# No signal for some HD channels



## collectivecoy (Jul 6, 2007)

Hello all,

I've recently been unable to receive a signal for some of my HD channels. Many of them like ESPN, ESPN 2, CNN, Fox News, MSNBC, etc., acquire the signal quickly as usual. But no luck on Headline News HD, as well as this month's preview HD channels and several others.

My strength of signal isn't great, but it really never has been, and I normally only have signal acquisition problems during storms.

Any thoughts?


----------



## scooper (Apr 22, 2002)

Yes - how about doing some reading on channel disputes ?


----------



## RasputinAXP (Jan 23, 2008)

Uh, he's not referring to any channels in dispute, unless HNN went offline...

The HD channels you listed are on 61.5 but I don't knwo where HNN originates from. Could be a low signal from another bird.


----------



## collectivecoy (Jul 6, 2007)

I know about the Disney-owned channels that are not available now due to the fee dispute. I wasn't talking about any of those. But thanks for the helpful reply, Scooper.


----------



## coldsteel (Mar 29, 2007)

What satellites do you see, per System Info, field G?


----------



## James Long (Apr 17, 2003)

CNN Headline News is a 72.7 or 129 channel. Sounds like the dish needs a better aiming to get 72.7 (since the "good" channels are mostly 61.6 or 129 channels I'm assuming he's Eastern Arc).


----------



## collectivecoy (Jul 6, 2007)

Thanks guys.

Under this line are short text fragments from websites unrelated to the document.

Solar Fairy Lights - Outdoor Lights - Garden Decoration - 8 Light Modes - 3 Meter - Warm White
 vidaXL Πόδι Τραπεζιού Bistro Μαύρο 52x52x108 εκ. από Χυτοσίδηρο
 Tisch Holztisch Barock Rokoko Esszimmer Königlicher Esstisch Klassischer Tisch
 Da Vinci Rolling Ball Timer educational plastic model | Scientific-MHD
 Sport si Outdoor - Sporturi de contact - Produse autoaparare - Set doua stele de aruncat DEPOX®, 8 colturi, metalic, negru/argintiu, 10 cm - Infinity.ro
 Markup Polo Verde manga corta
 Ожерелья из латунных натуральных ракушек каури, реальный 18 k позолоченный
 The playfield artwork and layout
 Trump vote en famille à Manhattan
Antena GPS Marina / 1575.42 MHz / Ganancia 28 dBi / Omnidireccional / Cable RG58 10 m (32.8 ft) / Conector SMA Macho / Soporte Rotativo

Let me get in front of the box and report back after I get home tonight.


----------



## collectivecoy (Jul 6, 2007)

I'm seeing 77, 72 and 61.5, all showing green in the signal strength analysis.


----------



## coldsteel (Mar 29, 2007)

Call or chat in, have them run some troubleshooting.


----------



## collectivecoy (Jul 6, 2007)

Called last night, but the very kind young lady from advanced tech support wasn't able to help. She surmised my dish might be out of alignment so a technician is coming out this weekend.

Thanks to all of you for your help.


----------